Given that retrodiction is a process in which "past observations, events and data are used as evidence to infer the process(es) that produced them" and that diagnosis "involve[s] going from visible effects such as symptoms, signs and the like to their prior causes", the essential balance between prediction and retrodiction could be characterized as:
retrodiction : diagnosis :: prediction : prognosis
regardless of whether the prognosis is of the course of the disease in the absence of treatment, or of the application of a specific treatment regimen to a specific disorder in a particular patient:
"We consider diagnostic inference to be based on causal thinking, although in doing diagnosis one has to mentally reverse the time order in which events were thought to have occurred (hence the term "backward inference"). On the other hand, predictions involve forward inference; i.e., one goes forward in time from present causes to future effects. However, it is important to recognize the dependence of forward inference/prediction on backward inference/diagnosis. In particular, it seems likely that success in predicting the future depends to a considerable degree on making sense of the past. Therefore, people are continually engaged in shifting between forward and backward inference in both making and evaluating forecasts. Indeed, this can be eloquently summarized by Kierkegaard's observation that, "Life can only be understood backwards; but it must be lived forwards".

==Scientific method==
In the scientific method, the terms retrodiction or postdiction are used in several senses.

One use refers to the act of evaluating a scientific theory by predicting known rather than new events. For example, a theory in physics that claims to extend or replace the Standard Model but that fails to predict the existence of known particles has not met the test of postdiction.

Michael Clive Price has written:

A retrodiction occurs when already gathered data is accounted for by a later theoretical advance in a more convincing fashion. The advantage of a retrodiction over a prediction is that the already gathered data is more likely to be free of experimenter bias. An example of a retrodiction is the perihelion shift of Mercury which Newtonian mechanics plus gravity was unable, totally, to account for whilst Einstein's general relativity made short work of it.

Another use refers to a process by which one attempts to test a theory whose predictions are too long-term to be tested by waiting for a future event to occur. Instead, one speculates about uncertain events in the more distant past, and applies the theory to consider how it would have predicted a known event in the less distant past. This is useful in, for example, the fields of archaeology, climatology, evolutionary biology, financial analysis, forensic science, and cosmology.

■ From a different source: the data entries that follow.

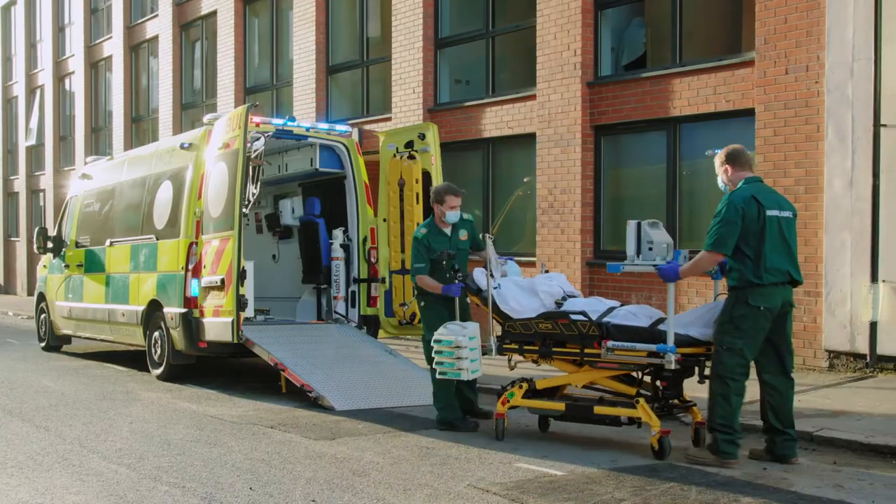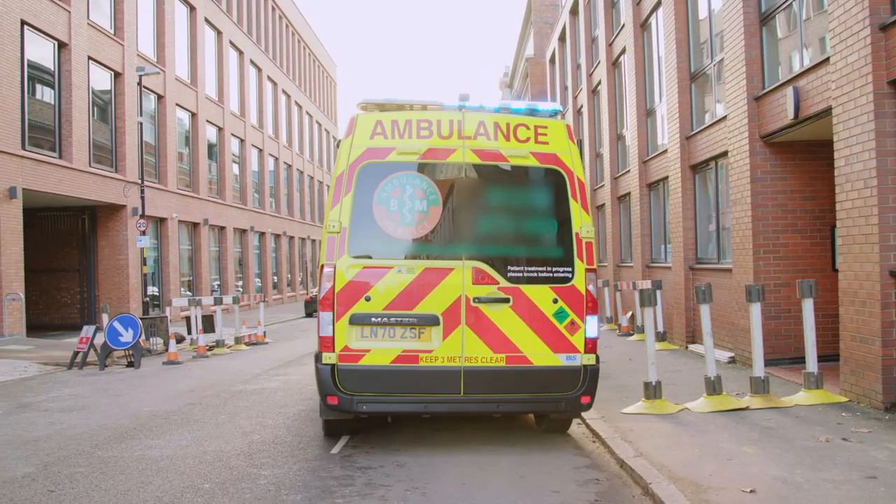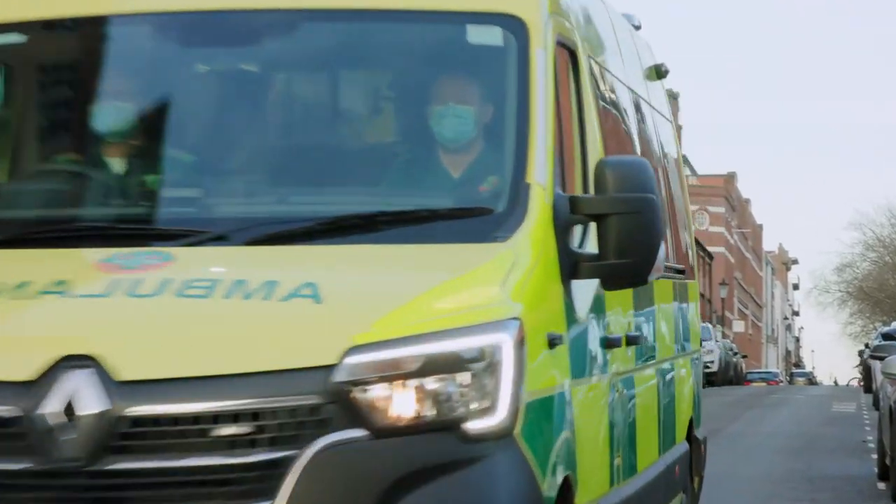Make sure the safety of your patients and transport team are cared for with the Adapter Plus from ParAid, your patient transfer specialist.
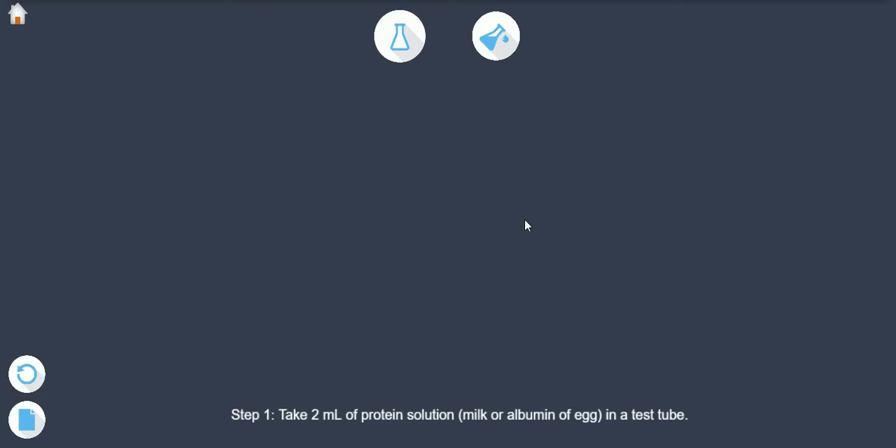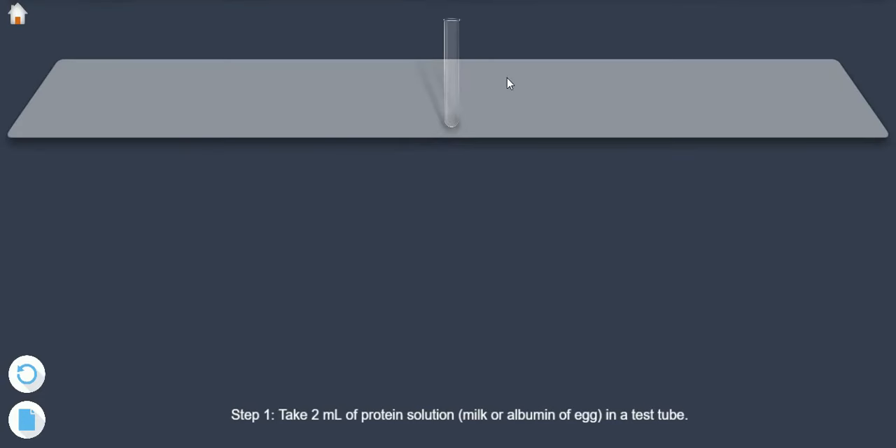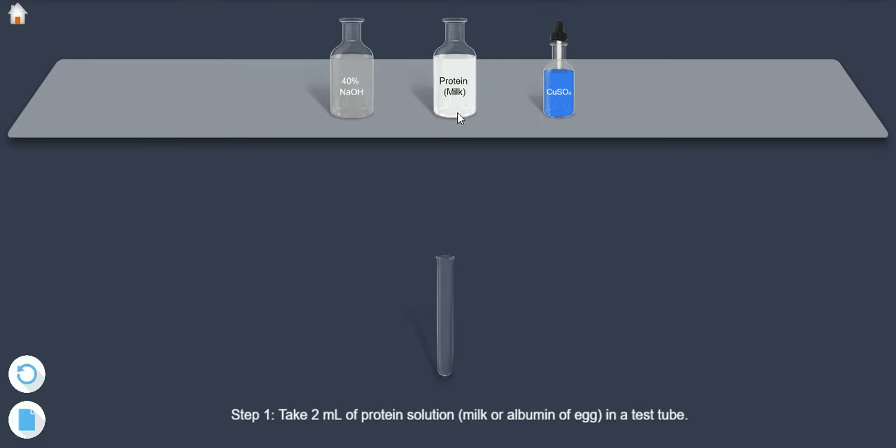Step 1: Take 2 ml of protein solution — i.e., milk or albumin of egg — in a test tube.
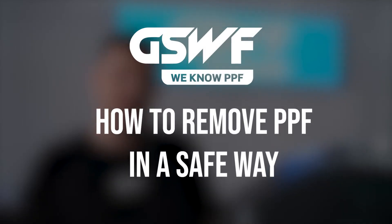Hello everyone! My name is Svidas aka RuffVirus and in this video I will show you how to remove paint protection film in a safe way. So let's do it!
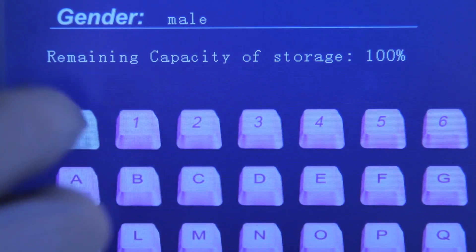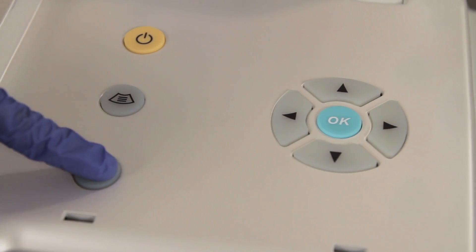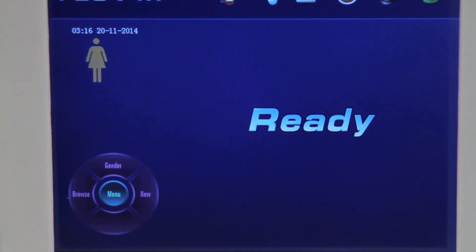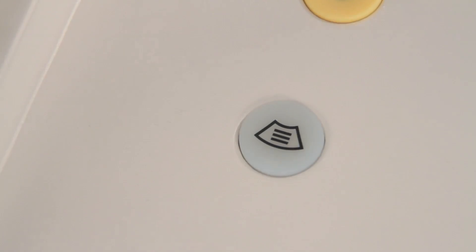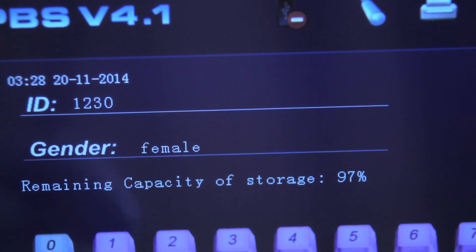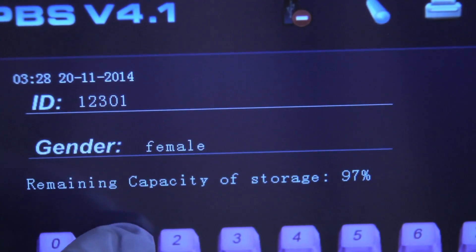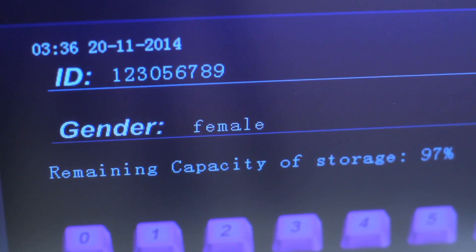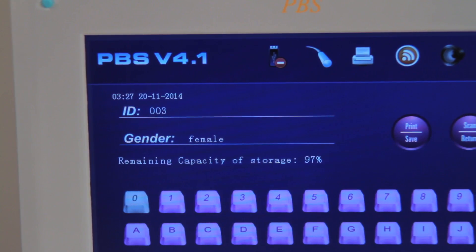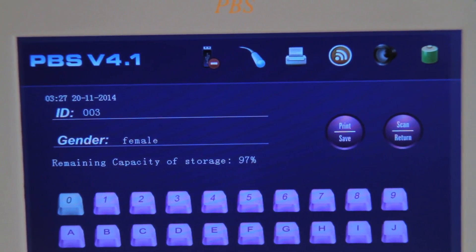You can use the touchscreen or the keys to enter the patient's ID. Press the Print key or Print touch key to save and return to the Ready screen, or press the Scan key to delete the saved information and return to the Ready screen. Note: patient ID may be up to 12 characters. Gender does not need to be input here — it is set in the Ready screen. Each patient ID is unique and specific to one individual; the same patient ID cannot be used for multiple patients.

The term can also refer to instances when a theory implies or explains a past event that is not yet known but is later discovered. An example in linguistics is laryngeal theory. Linguists in the 19th century hypothesized that Indo-European languages derived from an ancestral language that originally had a class of three unique consonants that were subsequently lost in all known descendant languages. They were able to infer the presence of these consonants based on the lasting effects they seemed to have on neighboring sounds. Because the laryngeal consonants were not directly attested in any ancient inscriptions known at the time, the theory was not widely accepted. In the 20th century, the ancient Hittite language was discovered, deciphered, and classified as an Indo-European language. Unlike the other, previously known Indo-European languages, it preserved two of the laryngeal consonants as discrete phonemes. This discovery led to the widespread acceptance of laryngeal theory.

==Sensory perception==
In the field of neuroscience, the term postdiction was introduced by David Eagleman to describe a perceptual process in which the brain collects information after an event before it retrospectively decides what happened at the time of the event (Eagleman and Sejnowski, 2000). Some perceptual illusions in which the brain mistakenly perceives the location of moving stimuli may involve postdiction. Such illusions include the flash lag illusion and the cutaneous rabbit illusion.